AJC s’est également montré très actif dans le renforcement des relations transatlantiques, avec pour objectifs la défense intransigeante de la sécurité de l’Etat d’Israël et la recherche d’une paix juste au Proche-Orient.
AJC se veut très pragmatique dans le montage de ses missions et dans la perspective du succès de ses objectifs essentiels. Il s’ouvre ainsi largement vers des pays qui n’ont pas de liens diplomatiques avec Israël, et ce afin d’engager une réflexion dynamique pouvant conduire à terme à l’établissement d’un processus de normalisation entre certains pays arabes et Israël.

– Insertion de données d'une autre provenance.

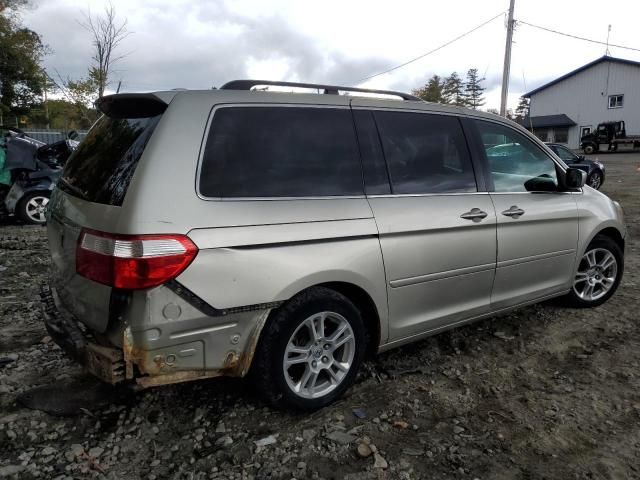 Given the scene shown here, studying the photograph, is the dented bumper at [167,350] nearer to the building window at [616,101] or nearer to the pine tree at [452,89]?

En puisant ses valeurs dans l’universalisme du judaïsme, AJC se veut être une organisation apolitique et a dogmatique. AJC entretient les meilleures relations avec d’autres organisations non-gouvernementales juives et non-juives et partagent avec elles un sens profond de l’éthique politique, des valeurs et des visions de paix. Dans un ordre d’un monde crispé dont les interrelations se tendent jusqu’à la rupture, AJC milite pour le dialogue et la prise en compte de toutes les opinions respectables. Quand les tyrannies multiplient les frustrations, il faut des acteurs déterminés et engagés dans ce combat pour les libertés, le respect et la tolérance.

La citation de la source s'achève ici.